There is both a C struct and an equivalent specialized hash for storing redundancy descriptors. The hash is primarily used to persist group information across runs, such that the same process group can be reconstructed in a later run (even if the user changes configuration parameters between runs). These hashes are stored in filemap files. The C struct is used within the library to cache additional runtime information such as an MPI communicator for each group and the location of certain MPI ranks.

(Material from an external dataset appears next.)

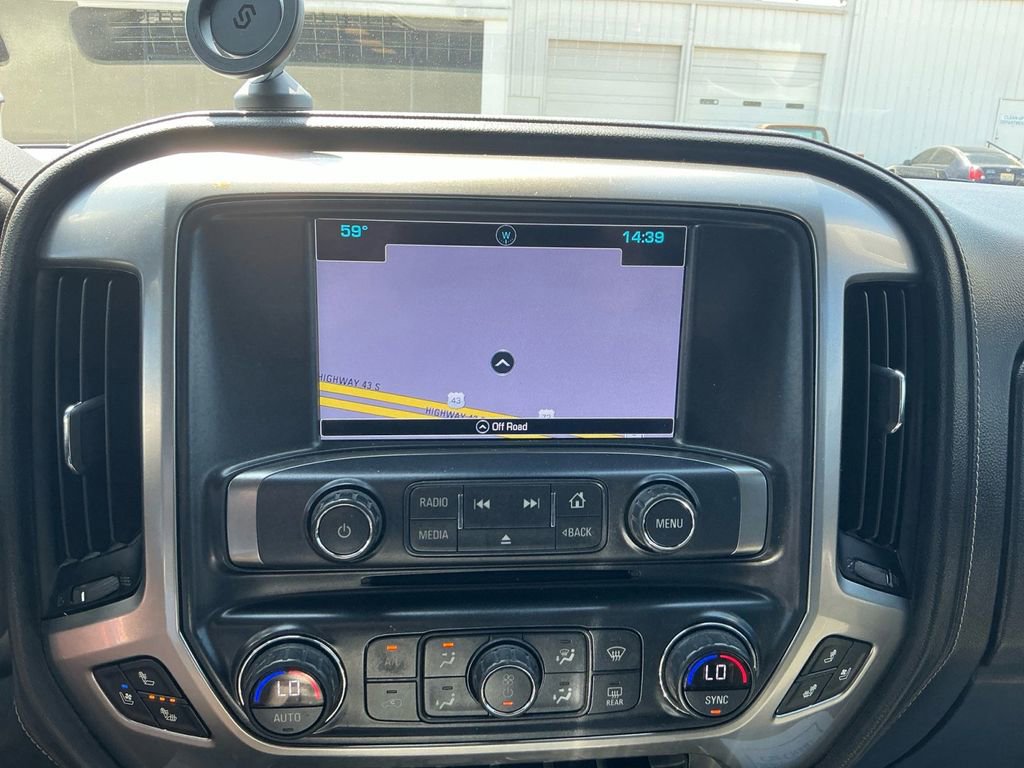 Used 2017 Chevrolet Silverado 1500 LTZ Z71 w/ LTZ Plus Package AWD/4WD image 26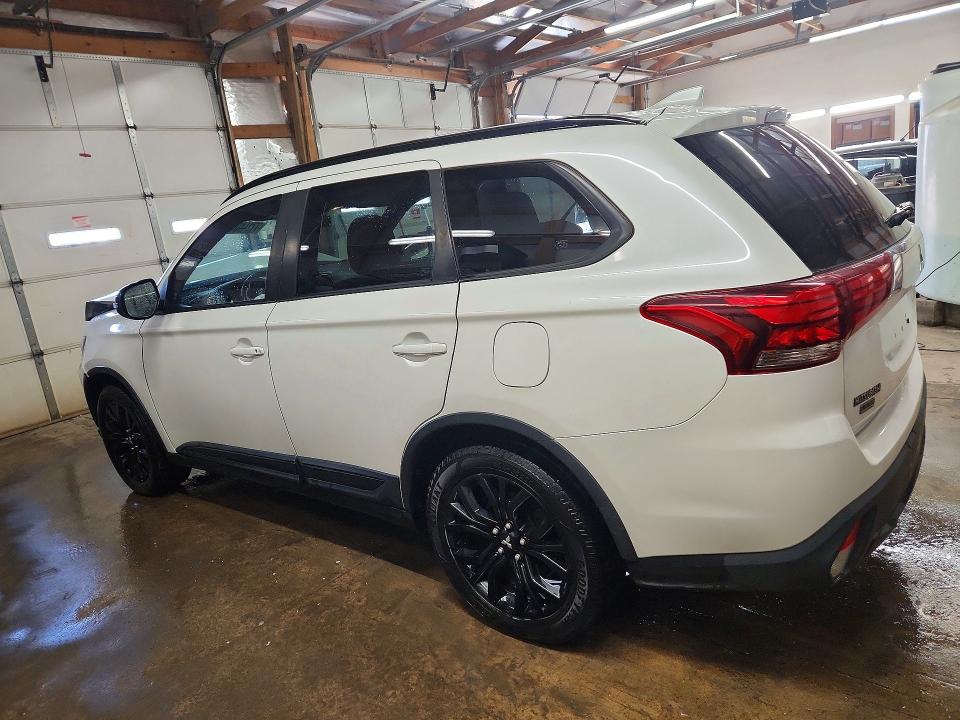 Продаж на аукціоні авто 2018 Mitsubishi Outlander, vin: JA4AD3A3XJZ060605, номер лоту: 77244095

During the run, the SCR library maintains an array of redundancy
descriptor structures in a global variable named scr_reddescs
. It
records the number of descriptors in this list in a variable named
scr_nreddescs
. It builds this list during SCR_Init()
using a
series of redundancy descriptor hashes defined in a third variable named
scr_reddesc_hash
. The hashes in this variable are constructed while
processing SCR parameters.
Redundancy descriptor struct
Here is the definition for the C struct.
typedef struct {
int enabled; /* flag indicating whether this descriptor is active */
int index; /* each descriptor is indexed starting from 0 */
int interval; /* how often to apply this descriptor, pick largest such
* that interval evenly divides checkpoint id */
int store_index; /* index into scr_storedesc for storage descriptor */
int group_index; /* index into scr_groupdesc for failure group */
char* base; /* base cache directory to use */
char* directory; /* full directory base/dataset.id */
int copy_type; /* redundancy scheme to apply */
void* copy_state; /* pointer to extra state depending on copy type */
MPI_Comm comm; /* communicator holding procs for this scheme */
int groups; /* number of redundancy sets */
int group_id; /* unique id assigned to this redundancy set */
int ranks; /* number of ranks in this set */
int my_rank; /* caller's rank within its set */
} scr_reddesc;
The enabled
field is set to 0 (false) or 1 (true) to indicate
whether this particular redundancy descriptor may be used. Even though a
redundancy descriptor may be defined, it may be disabled. The index
field records the index number of this redundancy descriptor. This
corresponds to the redundancy descriptor’s index in the scr_reddescs
array. The interval
field describes how often this redundancy
descriptor should be selected for different checkpoints. To choose a
redundancy descriptor to apply to a given checkpoint, SCR picks the
descriptor that has the largest interval value which evenly divides the
checkpoint id.
The store_index
field tracks the index of the store descriptor
within the scr_storedescs
array that describes the storage used with
this redundancy descriptor. The group_index
field tracks the index
of the group descriptor within the scr_groupdescs
array that
describes the group of processes likely to fail at the same time. The
redundancy scheme will protect against failures for this group using the
specified storage device.
The base
field is a character array that records the cache base
directory that is used. The directory
field is a character array
that records the directory in which the dataset subdirectory is created.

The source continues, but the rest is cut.